Uma breve história (alternativa) do Oscar

Ou: para que servem os prêmios do cinema

Lucas Carvalho
8 min readFeb 26, 2016

Considere os nomes a seguir: Stanley Kubrick, François Truffaut, Ingmar Bergman, Andrei Tarkovsky, Alfred Hitchcock, Yasujiro Ozu e Michel Hazanavicius. Todos grandes diretores que influenciaram gerações de cineastas por seus métodos e suas técnicas, revolucionando, de uma maneira ou de outra, a arte de se fazer cinema. Correto? Nem todos, na verdade. Michel Hazanavicius construiu a maior parte de sua carreira como diretor e roteirista de TV, e nunca fez nada mais marcante do que O Artista, um filme americano com atores franceses lançado em 2011. Ainda assim, ele é o único da lista que já ganhou um Oscar.

Não é curioso que autores renomados nunca tenham levado uma estatueta para casa, e que um cineasta pouco conhecido ou impactante para a indústria o tenha? E o que dizer do ano (1941) em que Cidadão Kane, um clássico indiscutível do cinema americano, foi esnobado pela Academia, que preferiu premiar Como Era Verde o Meu Vale com o Oscar de melhor filme do ano anterior? A importância do primeiro em comparação ao segundo é, no mínimo, insuperável, o que apenas torna a situação ainda mais constrangedora mesmo tantos anos depois.

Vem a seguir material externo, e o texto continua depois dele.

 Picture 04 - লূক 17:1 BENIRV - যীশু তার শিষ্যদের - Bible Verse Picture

Não se trata de dizer qual é o “melhor filme”, já que este é um conceito muito subjetivo e que pode variar de acordo com a bagagem cultural e as preferências do espectador ou crítico. Mas é inegável o fato de que, até hoje, filmes como Cidadão Kane, Laranja Mecânica, Um Corpo que Cai e outros clássicos ainda são lembrados pelo imaginário coletivo e insistentemente estudados por escolas de cinema e arte em todo o mundo. Já O Artista e Como Era Verde o Meu Vale , por mais que sejam obras muito bem feitas, caíram no esquecimento pouco tempo depois de suas premiações. Sequer aparecem nas listas de melhores filmes de todos os tempos do IMDb, Rotten Tomatoes ou da revista Sight & Sound, cujo ranking é elaborado pelo voto de profissionais da indústria.

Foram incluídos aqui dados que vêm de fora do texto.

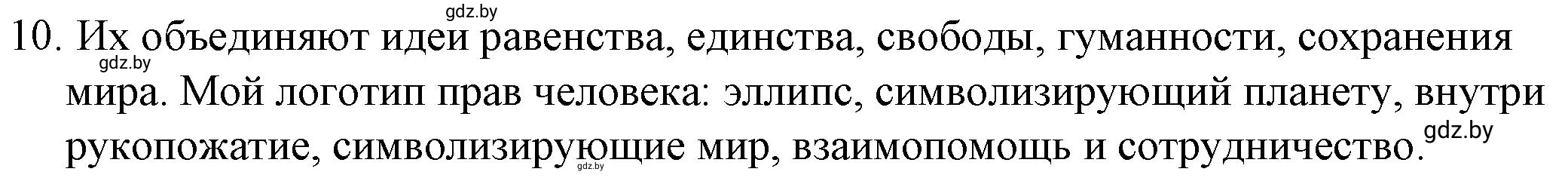 Решение номер 10 (страница 70) гдз по обществоведению 9 класс Кушнер , Полейко, рабочая тетрадь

A principal questão por trás dessa realidade é, no fim das contas, o papel do Oscar no mercado do cinema. Embora seja reconhecido mundialmente, o prêmio da Academia de Artes e Ciências Cinematográficas é, basicamente, um evento norte-americano. Filmes de fora dos EUA caem sempre na genérica categoria de “Melhor Filme em Linguagem Estrangeira”, como se o inglês fosse o único, ou o mais importante, idioma da sétima arte. E como Akira Kurosawa, Roberto Rossellini, Glauber Rocha, Pedro Almodóvar, Jean-Luc Godard, Sergei Eisenstein e tantos outros já nos provaram, essa não é a verdade. O cinema é uma arte mundial, enquanto o Oscar é uma celebração da indústria americana.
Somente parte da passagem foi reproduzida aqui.